Lemma: $V_1$ is countable. Proof: Fix a unit $u$ and let $φ(p)$ be the index of the fracture $u+p$ is within. Assume $φ(p_1)=φ(p_2)$, i.e. $p_1+u,p_2+u∈V_i$. Since $V_i$ is additive, we have $(p_1+u)-(p_2+u)∈V_i$ while also $(p_1+u)-(p_2+u)=p_1-p_2∈V_1$. Therefore $(p_1+u)-(p_2+u)=0$ and $p_1=p_2$, and the mapping is injective.

Lemma: $R$ is countable. Proof: Since $$R=\bigcup_{n∈\mathbb{N}} V_n$$ it remains to show that $V_n$ is countable. We can establish a surjection $$φ : V_0 \times \prod_{i=1}^nV_1 → V_n$$ $$(u,p_1,p_2,...,p_n) \mapsto up_1p_2...p_n$$ Since both $V_0$ and $V_1$ are countable, and finite direct products of sets of a given cardinality retain the same cardinality, we have $V_n$ is countable and now $R$ is countable.

Lemma: There are no nontrivial automorphisms of $R$. Proof: Let $φ$ be a nontrivial automorphism of $R$. Then since $φ$ is defined by its action on units and primes, either $φ$ doesn't fix some prime $p$, or $φ$ doesn't fix some unit $u$ in which case either $φ$ doesn't fix any chosen prime $p'$ or $φ$ doesn't fix $p=up'$; hence in either case we may say $φ(p)≠p$ for some prime $p$.

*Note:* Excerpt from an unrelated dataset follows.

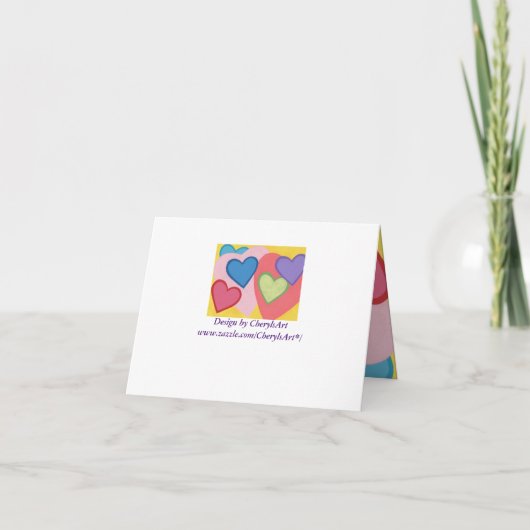 Farbenfrohe gespiegelte Herzen Speichern Sie die D Einladung (Rückseite)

Now, write $1+p∈V_k$, necessarily $k > 1$. For general UFDs, automorphisms send units to units and primes to primes, so also $φ(1+p)∈V_k$. Hence $1+p-φ(1+p)∈V_k$. But also $1+p-φ(1+p)=p-φ(p)∈V_1$, so since $V_1∩V_k=\{0\}$ we must have $p=φ(p)$, a contradiction.

Module Structure: Note that $V_i$ acts as a vector space over $V_0$. We may define a bilinear map of $V_0$-modules $\prod_{i=1}^n V_1 → V_n$ by $(p_1,...,p_n) \mapsto p_1...p_n$ to induce an appropriate homomorphism of $V_0$-modules $\Phi_i : \otimes_{i=1}^n~V_1 → V_n$.

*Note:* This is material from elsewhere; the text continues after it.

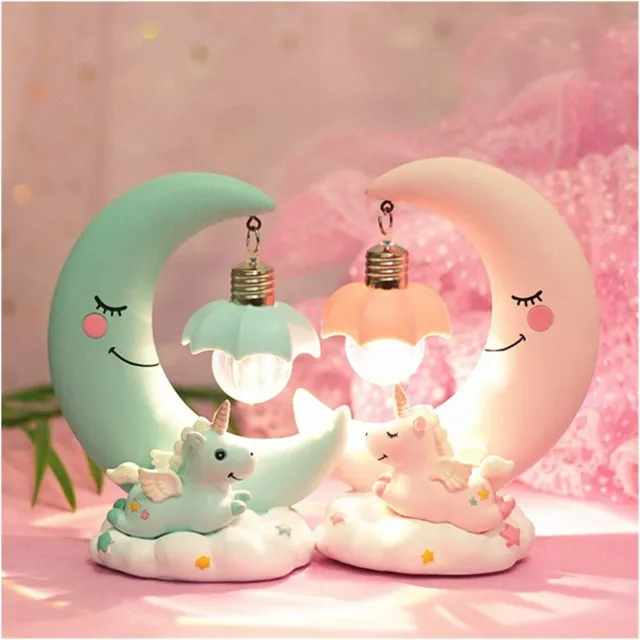 Cute Moon Unicorn Cartoon Led Light Lamp Night Girls/Boys Baby Unicorn Resin Orn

Exact Sequences: Since $V_0$ is a field and $V_1$ a $V_0$-module, we can see that $V_1$ is injective and by an injective homomorphism $V_1 → V_n$ by $x \mapsto p_1^{n-1}x$ we obtain $V_n ≅ V_1 \oplus V_n'$.

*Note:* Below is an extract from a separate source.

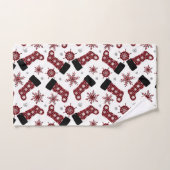 Chaussettes de Noël flocons de neige plaid rustiqu (Serviette à main)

Tensor Algebras: $V_1$ is a vector space over $V_0$, and $R$ is a commutative $V_0$ algebra with a natural inclusion linear transformation $V_1 → R$, inducing an appropriate extension homomorphism of $V_0$-algebras $Φ: S(V_1) → R$. This is nonzero on nonzero 1- and 2-tensor sums, but to this end we claim $\ker{Φ}$ is generated by 3-tensor sums. Proceed by induction on $n$ for an $n$-tensor sum $∑_{i=1}^nt_i$ in $\text{ker }Φ$; for any two simple tensors $s_1$ and $s_2$, we have $Φ(s_1+s_2)=Φ(s_3)$ for some simple tensor $s_3$ due to representation in $R$. Therefore, for any simple tensors $s_1$ and $s_2$ let $f(s_1,s_2)$ be a simple tensor such that $s_1+s_2+f(s_1,s_2)$ is in $\text{ker }Φ$. Back to the claim at hand, we observe $$0=Φ(\sum_{i=1}^nt_i)=Φ(t_1+t_2+\sum_{i=3}^nt_i)=Φ(-f(t_1,t_2)+\sum_{i=3}^nt_i)$$ Since $-f(t_1,t_2)+\sum_{i=3}^nt_i$ is an $(n-1)$-tensor sum in $\text{ker }Φ$, by induction it is generated by 3-tensor sums in $\text{ker }Φ$ and we have $\sum_{i=1}^nt_i=-f(t_1,t_2)+\sum_{i=3}^nt_i+(t_1+t_2+f(t_1,t_2))$ to complete the claim.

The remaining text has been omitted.